* WHAT IS BEING ASKED:
What is needed is an exact repetition of the lines below, from the first one through the one holding "2015 HONDA CIVIC EX 2HGFB2F83FH545550", with no pictures and nothing else.

Stored entries:
###

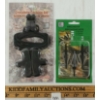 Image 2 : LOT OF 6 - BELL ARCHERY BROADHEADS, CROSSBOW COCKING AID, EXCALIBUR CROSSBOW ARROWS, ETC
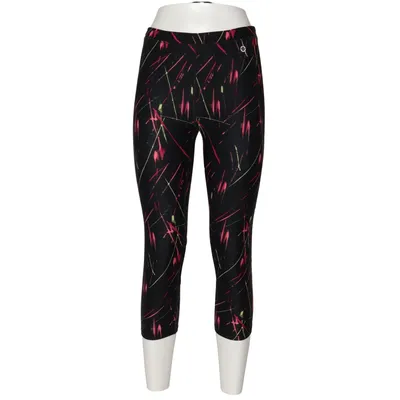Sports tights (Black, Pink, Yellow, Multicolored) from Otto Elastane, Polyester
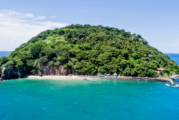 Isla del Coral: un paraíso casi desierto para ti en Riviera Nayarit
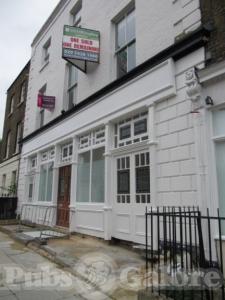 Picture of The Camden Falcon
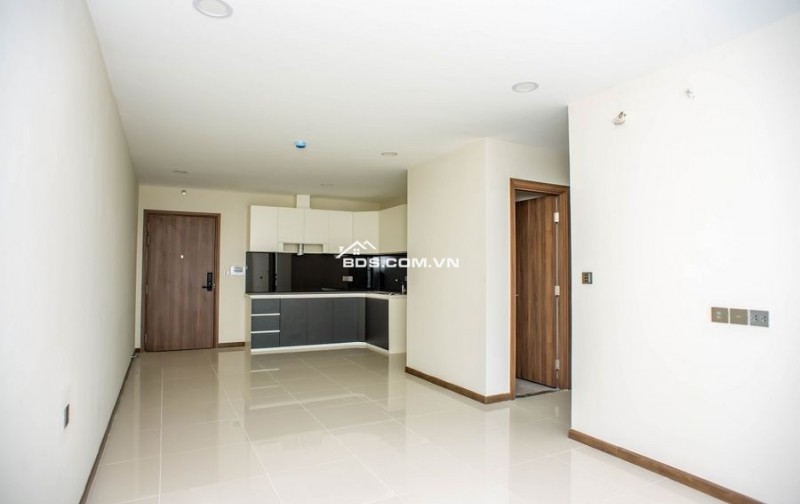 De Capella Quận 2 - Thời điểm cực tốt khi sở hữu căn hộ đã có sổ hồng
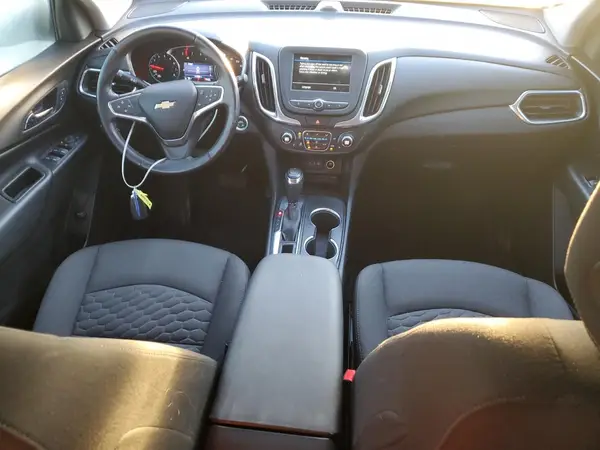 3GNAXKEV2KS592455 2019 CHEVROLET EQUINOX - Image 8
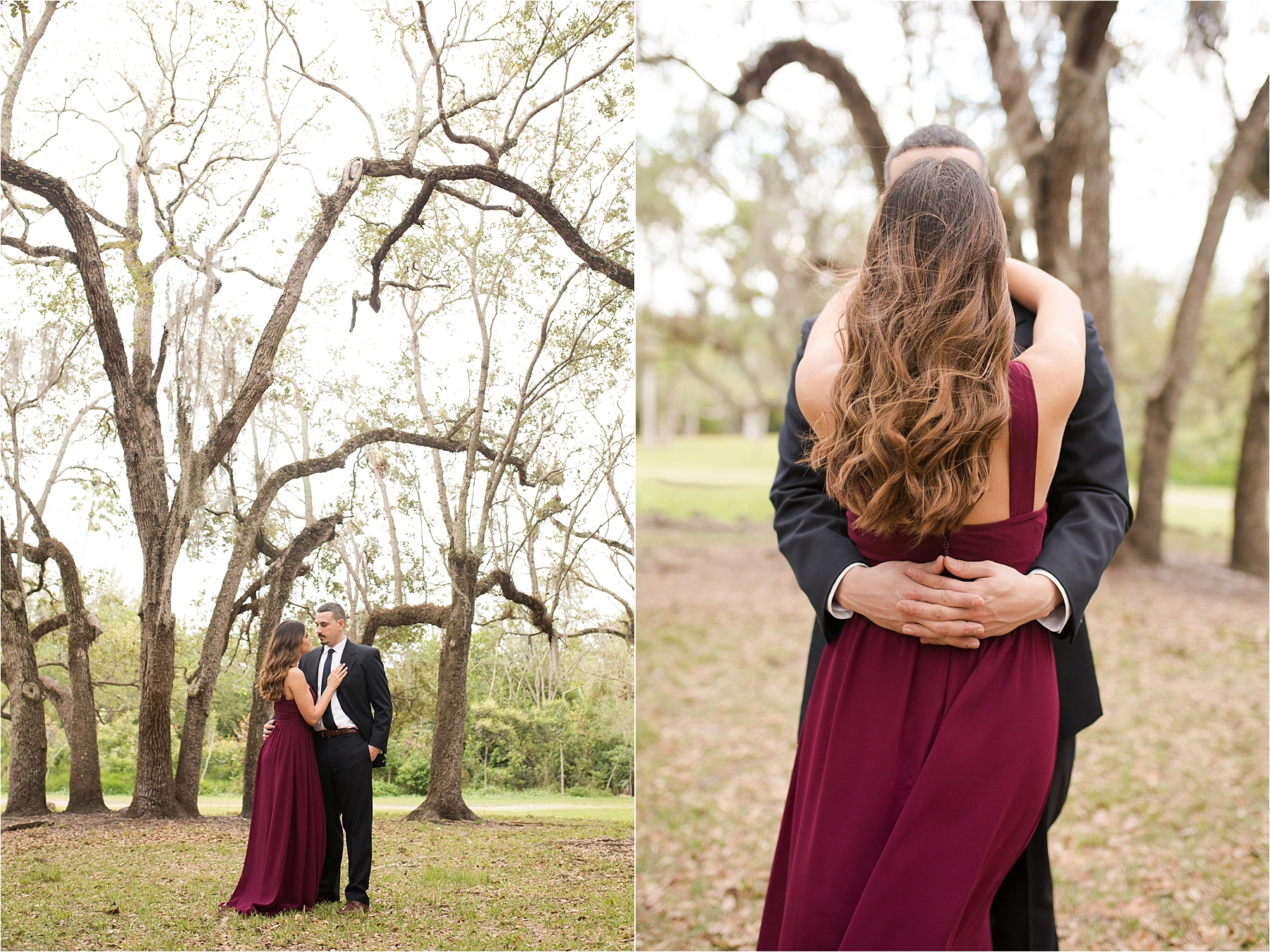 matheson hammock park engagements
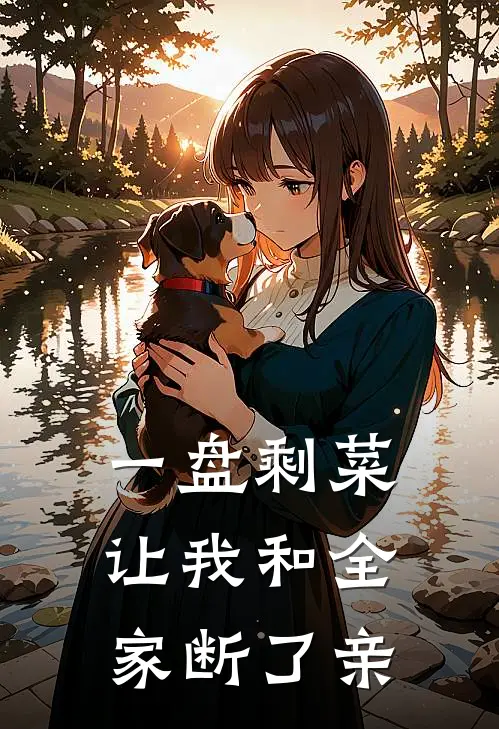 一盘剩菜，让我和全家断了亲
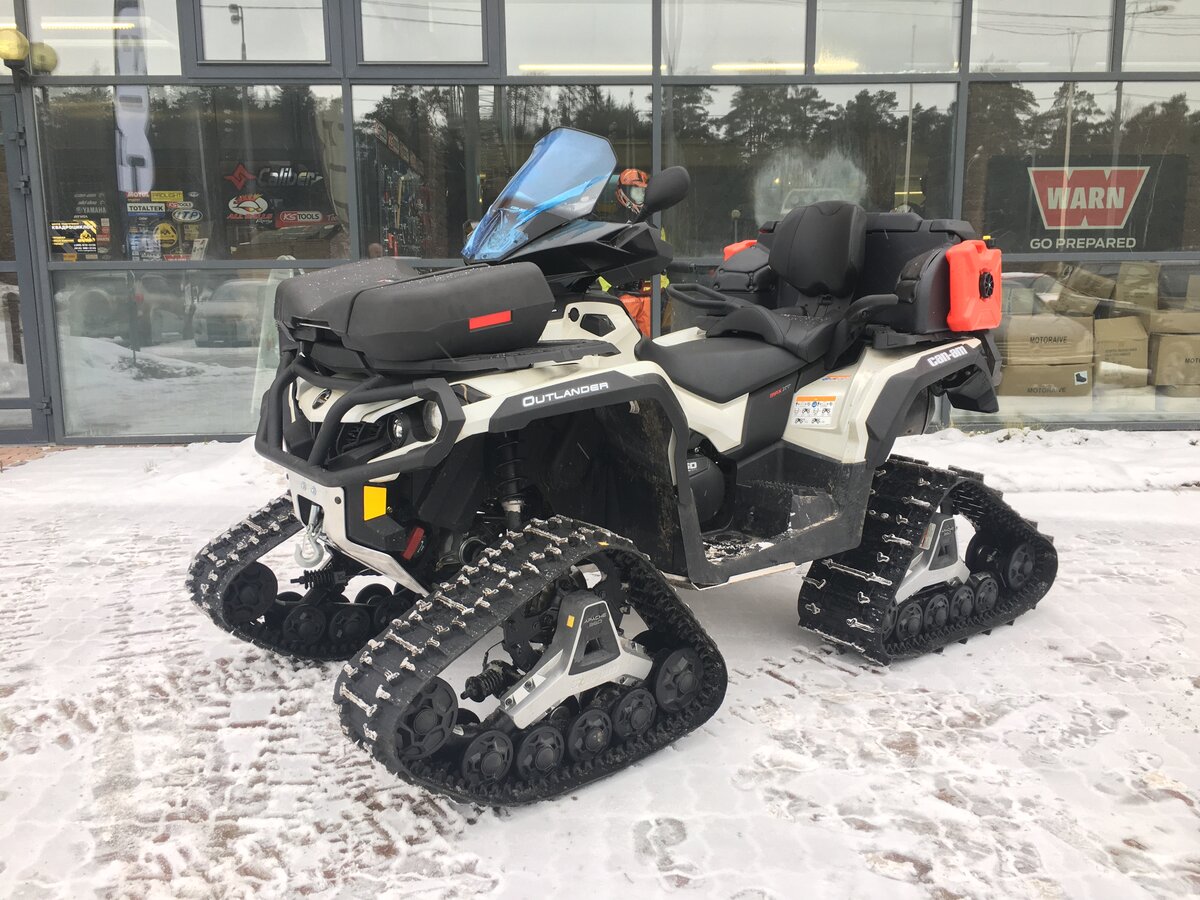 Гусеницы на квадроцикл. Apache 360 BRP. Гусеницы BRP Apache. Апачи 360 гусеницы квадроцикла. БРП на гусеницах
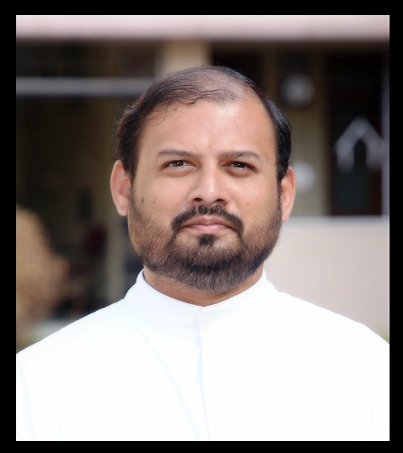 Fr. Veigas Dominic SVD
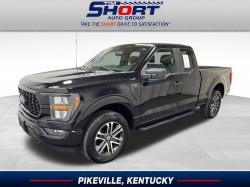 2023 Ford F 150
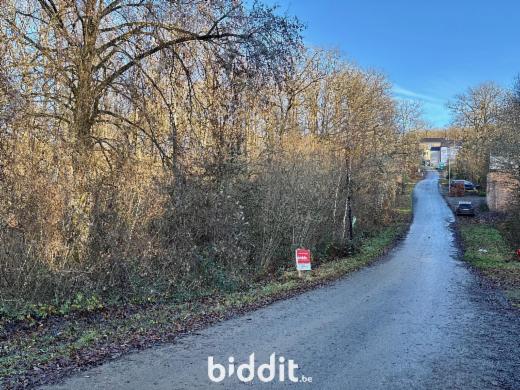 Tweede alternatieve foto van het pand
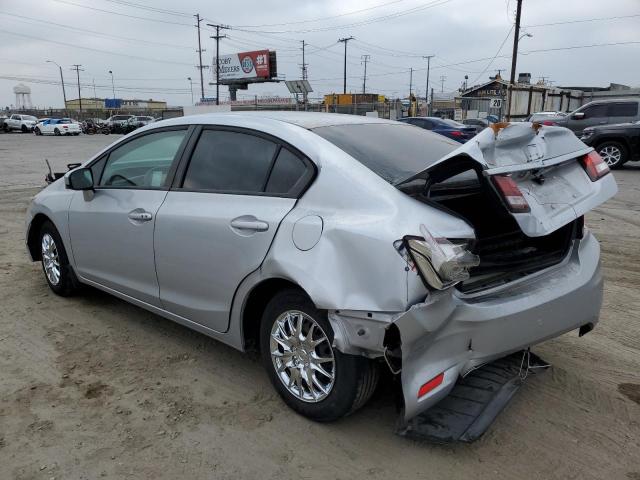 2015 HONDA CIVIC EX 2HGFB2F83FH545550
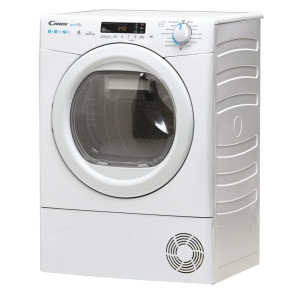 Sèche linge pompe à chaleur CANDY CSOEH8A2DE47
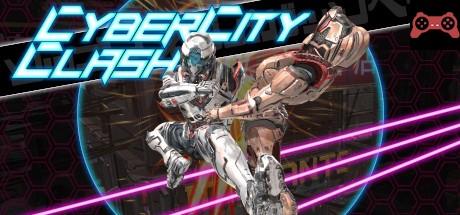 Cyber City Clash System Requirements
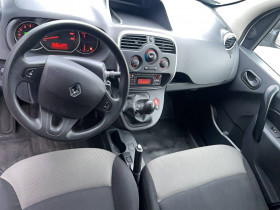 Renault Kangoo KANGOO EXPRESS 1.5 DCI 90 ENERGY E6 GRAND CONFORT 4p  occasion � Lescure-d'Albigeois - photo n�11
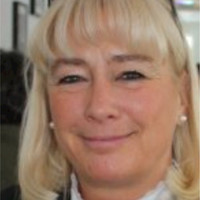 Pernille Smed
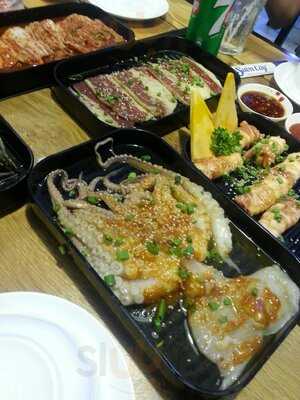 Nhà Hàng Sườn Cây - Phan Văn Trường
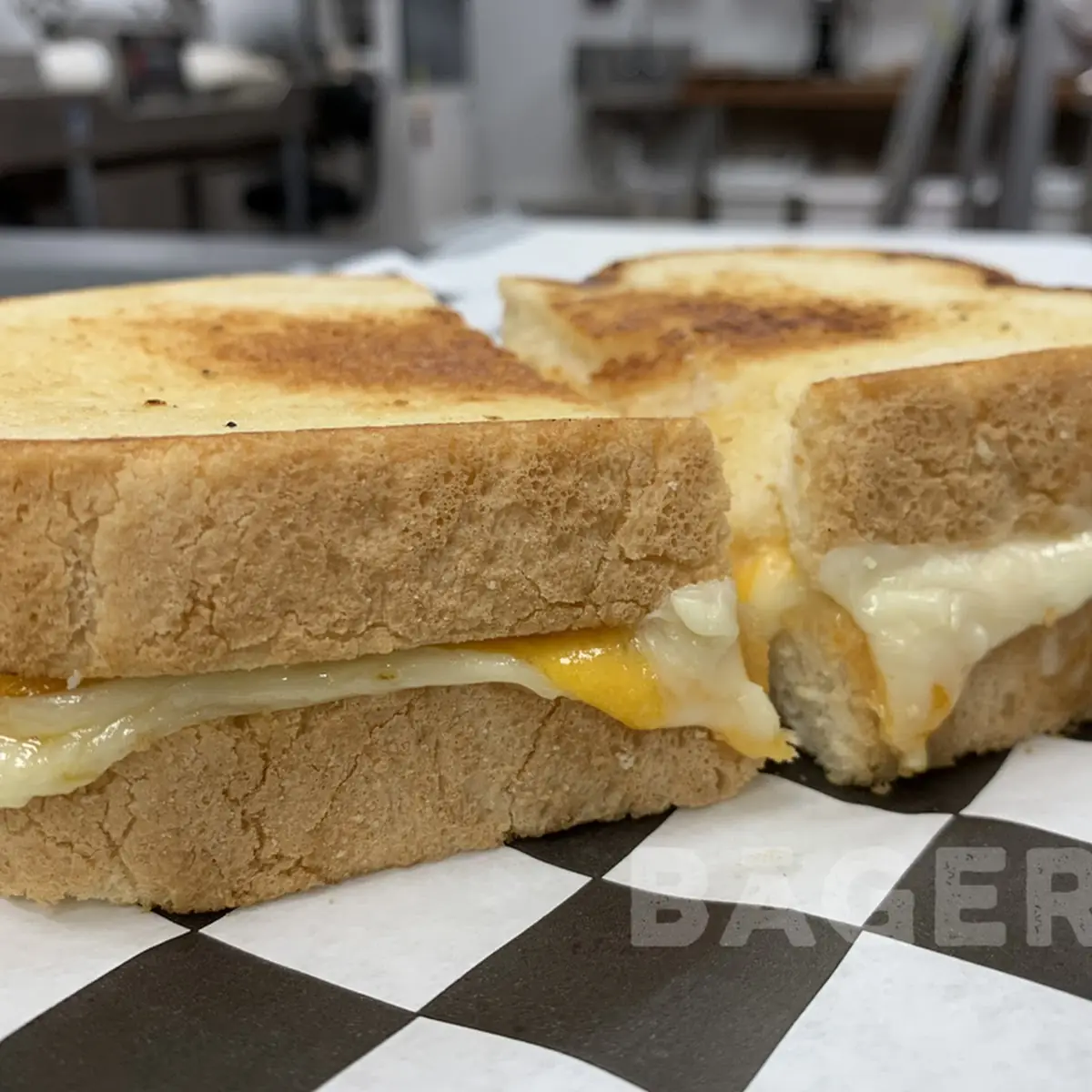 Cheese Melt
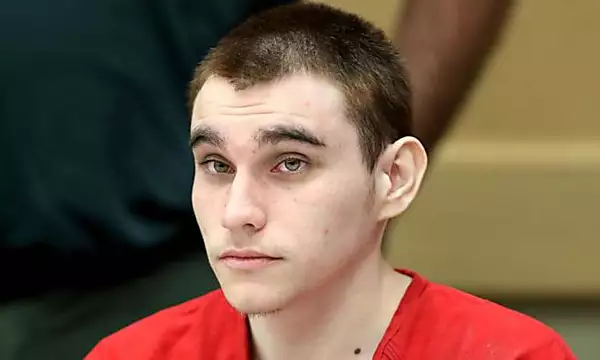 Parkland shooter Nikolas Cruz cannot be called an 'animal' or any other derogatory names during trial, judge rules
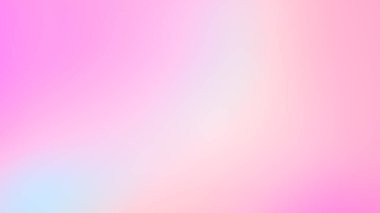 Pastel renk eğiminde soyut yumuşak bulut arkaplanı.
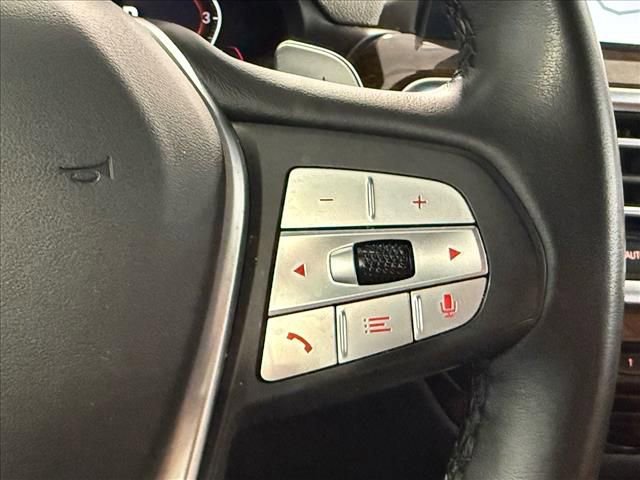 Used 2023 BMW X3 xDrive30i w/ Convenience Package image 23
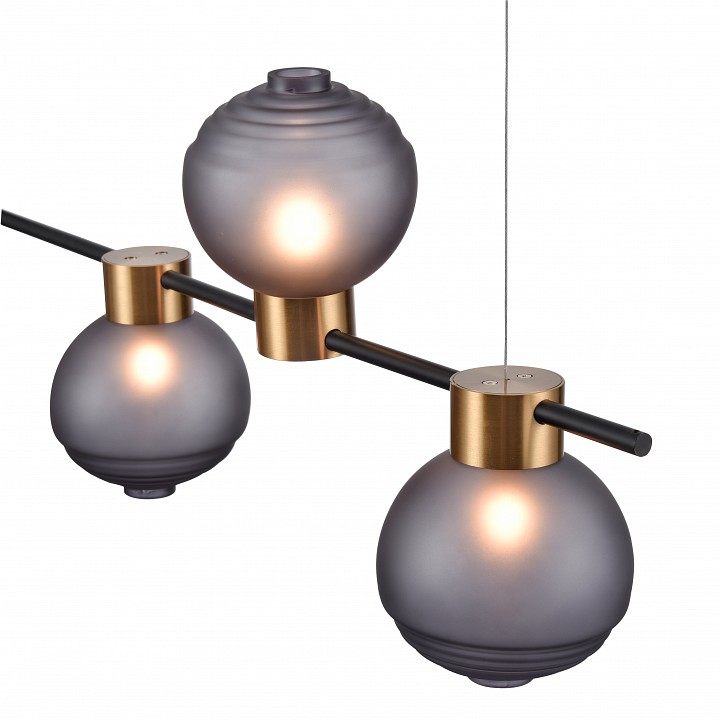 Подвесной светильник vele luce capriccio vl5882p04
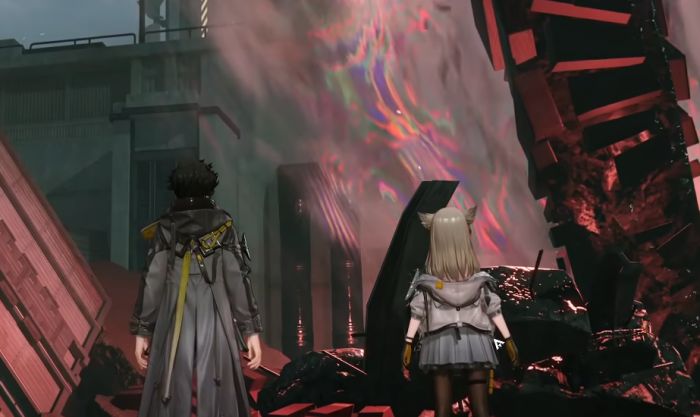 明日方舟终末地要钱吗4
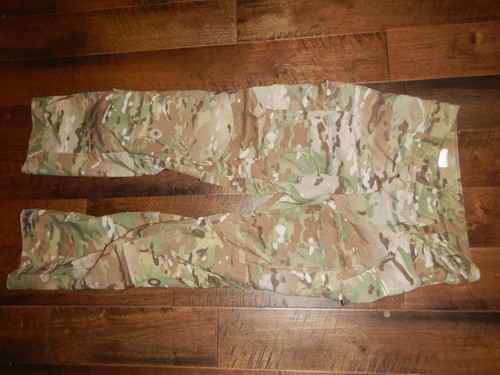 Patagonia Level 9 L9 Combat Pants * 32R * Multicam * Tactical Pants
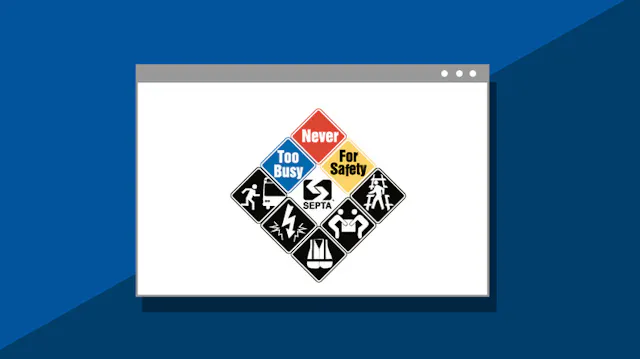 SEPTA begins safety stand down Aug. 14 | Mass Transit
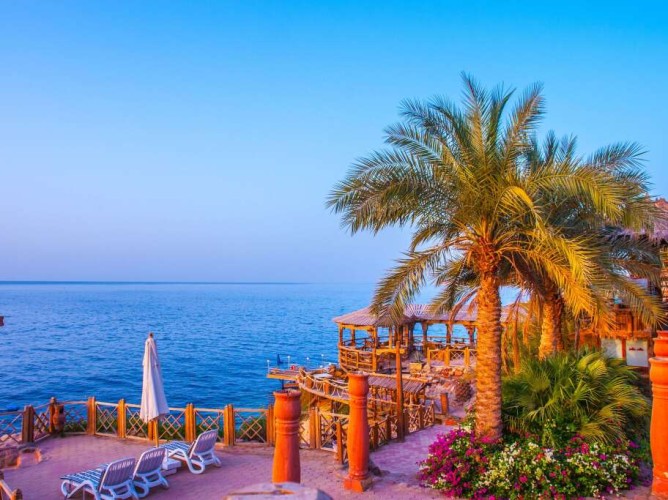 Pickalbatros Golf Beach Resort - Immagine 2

###

* ANSWER SPACE:
 Image 2 : LOT OF 6 - BELL ARCHERY BROADHEADS, CROSSBOW COCKING AID, EXCALIBUR CROSSBOW ARROWS, ETC
Sports tights (Black, Pink, Yellow, Multicolored) from Otto Elastane, Polyester
 Isla del Coral: un paraíso casi desierto para ti en Riviera Nayarit
 Picture of The Camden Falcon
 De Capella Quận 2 - Thời điểm cực tốt khi sở hữu căn hộ đã có sổ hồng
 3GNAXKEV2KS592455 2019 CHEVROLET EQUINOX - Image 8
 matheson hammock park engagements
 一盘剩菜，让我和全家断了亲
 Гусеницы на квадроцикл. Apache 360 BRP. Гусеницы BRP Apache. Апачи 360 гусеницы квадроцикла. БРП на гусеницах
 Fr. Veigas Dominic SVD
 2023 Ford F 150
 Tweede alternatieve foto van het pand
 2015 HONDA CIVIC EX 2HGFB2F83FH545550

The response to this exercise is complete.